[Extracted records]
# # # #
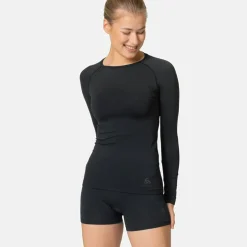 Performance Light Eco thermoshirt dames black*ODLO Best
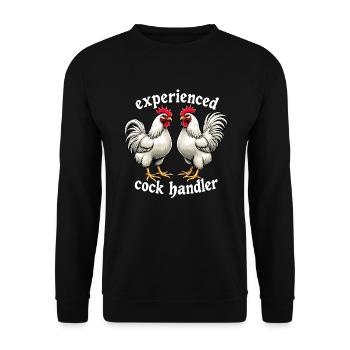 Manutentionnaire expérimenté. Clés de femmes drôles - Sweat-shirt Unisexe - noir - Devant - Alina (178cm) & Michal (187cm)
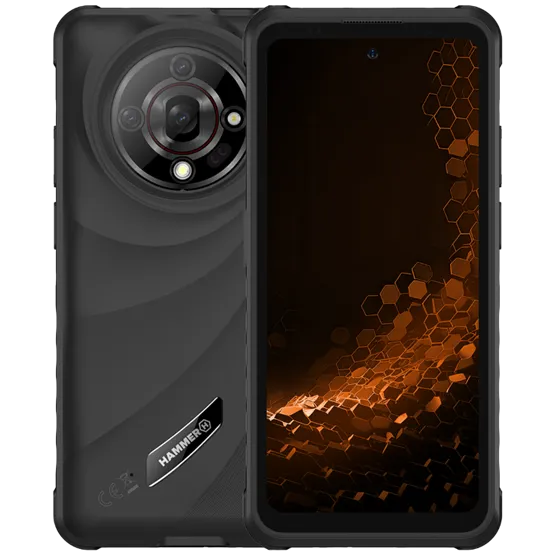 HAMMER Iron 6 6,56" 6/128GB Dual SIM okostelefon - fekete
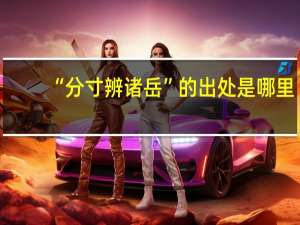 “分寸辨诸岳”的出处是哪里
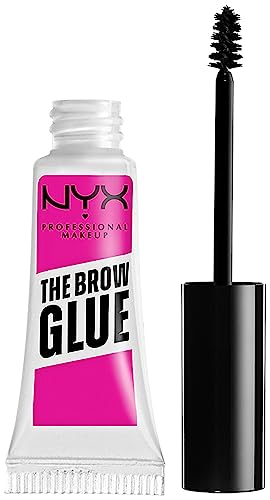 NYX Professional Makeup Brow Gel & Lip Gloss Set - Clear Brow Styler & Soft Shine Gloss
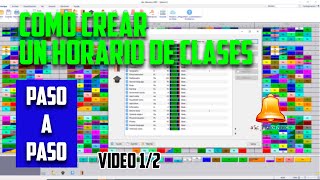 COMO CREAR UN HORARIO DE CLASES EN ASC TIMETABLES 12 [upl. by Sydalg]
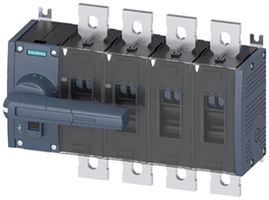 Sectionneur de charge AMD Siemens SENTRON 3KD4 4P 630A 1000V 8NC 8NO IP00 gris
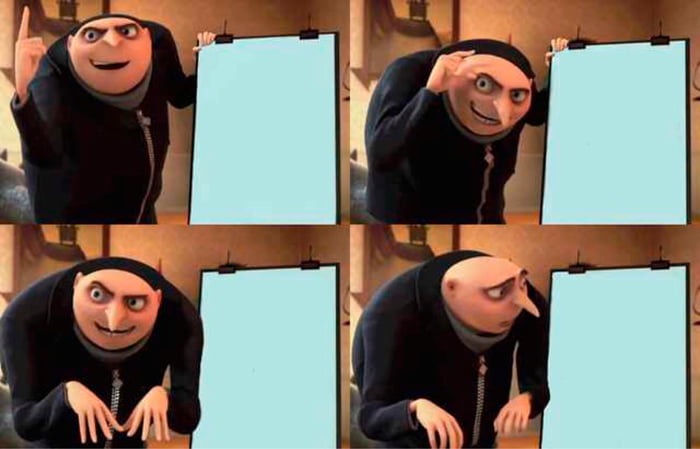Gru's Plan meme about Norms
# # # #
Required action
Repeat each line above exactly as it reads, omitting any pictures.

Task output
 Performance Light Eco thermoshirt dames black*ODLO Best
 Manutentionnaire expérimenté. Clés de femmes drôles - Sweat-shirt Unisexe - noir - Devant - Alina (178cm) & Michal (187cm)
 HAMMER Iron 6 6,56" 6/128GB Dual SIM okostelefon - fekete
 “分寸辨诸岳”的出处是哪里
 NYX Professional Makeup Brow Gel & Lip Gloss Set - Clear Brow Styler & Soft Shine Gloss
 COMO CREAR UN HORARIO DE CLASES EN ASC TIMETABLES 12 [upl. by Sydalg]
 Sectionneur de charge AMD Siemens SENTRON 3KD4 4P 630A 1000V 8NC 8NO IP00 gris
Gru's Plan meme about Norms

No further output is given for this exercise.